New to Linux, is OpenSUSE the right choice ?

Have used Ubuntu, Manjaro and Fedora very breafly and my first OS was actually SUSE years ago, again vey very briefly used it and stiuk to my mind allot since it had the most memorable logo, nonetheless after years of using Windows I have become quite dissatisfied with it as a beginner programmer, it just doesnt compare to the ease Linux affords me. some linux distros are planning major releases in the coming weeks or days and I think it couldnt be a better time to make the switch and my questions to the community is :

I am looking for a good Linux OS for my laptop with Linux something between Arch Linux ( gives you a good understand on how linux works, not dumbed down so to speak ) and Ubuntu ( too consumer targeted and centralized ), I want to be proficient in linux enough to be comfortable in any distro desktop or server without relying too much on GUI, truly learn how linux as much as I can as I go). Fedora was nice but the 6 months update thing has me scared and Manjaro devs have me worried on how they handle some things .

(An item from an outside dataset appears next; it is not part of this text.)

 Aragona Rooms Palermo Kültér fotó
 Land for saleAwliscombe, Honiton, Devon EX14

My preferred edition is tumbleweed since it has the latest stuff and what I know about tech is a new version, program and bug is fixed everyday but I also want stability of knowing may I choose it I can use it for at the very minimum 3 years without any system breaking issues or lost work, as a developer what would you recommend, Leap or Tumbeweed, if I say went with TumbleWeed will the btrfs system help me rollback changes might I ever run into problems.

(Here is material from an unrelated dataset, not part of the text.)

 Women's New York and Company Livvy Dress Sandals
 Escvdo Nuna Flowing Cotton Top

Lastly (for now) as a novice I am sure I will be frequently on the forums asking for help and so forth but reading the other forums and so forth its said that OpenSUSE has a rather smaller community compared to Ubuntu’s and Fedora/Centos, be honest how beginner friendly is the community ?
Granted most of said posts were from 2008 - 2015.

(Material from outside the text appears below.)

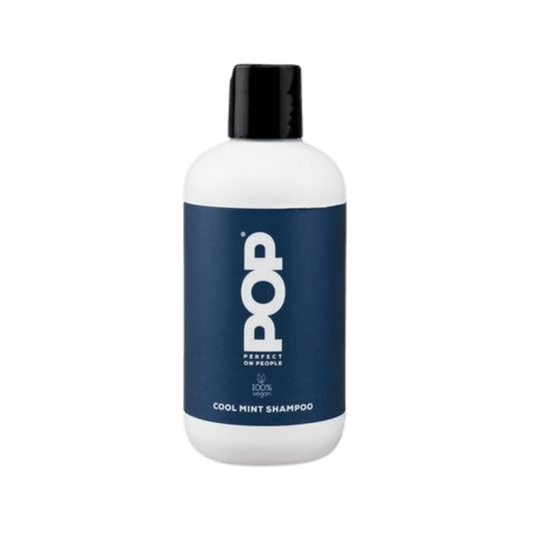 POP shampoo voor mannen – verfrissende reiniging van haar en hoofdhuid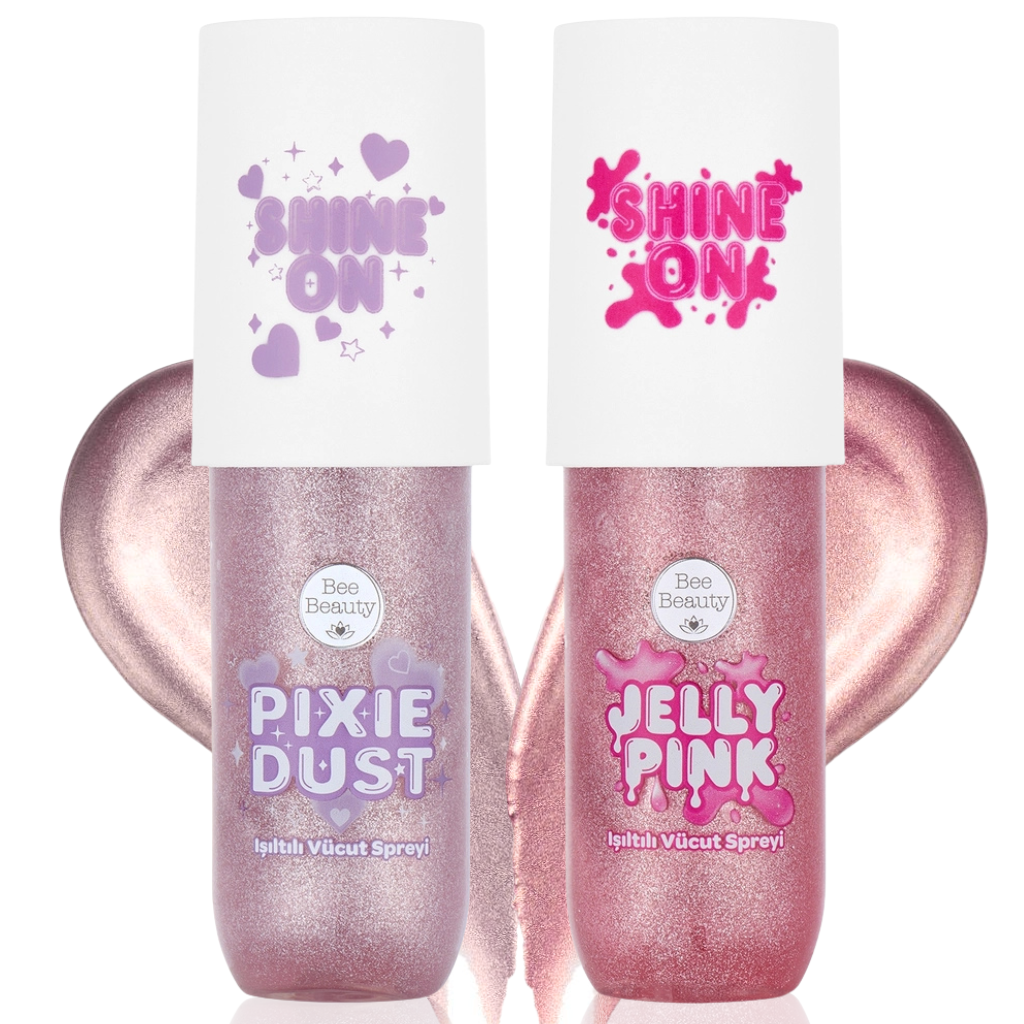 Bee Beauty Shimmering Body Spray 90 ml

Btw Richard if you are reading this you did a great article, after hours of researching distros I think your article tipped the scales.

If you can name one (or more) thing(s) that SUSE does better than them all excluding Yast what would it be.

Thank you in advance for any responds.

To be honest, how enlightening will it be when you ask openSUSE users if openSUSE is the right choice? Do you really think that the openSUSE users here will admit that they made the wrong choise, but still did not switch to something different rotfl!

That said, we, openSUSE users active on the forums try to help users, new or veterans, as good as possible. From your side we expect that you describe your problem as good and exact as possible (with computer facts added). This is because we are sorry to admit that we are not clairvoyant.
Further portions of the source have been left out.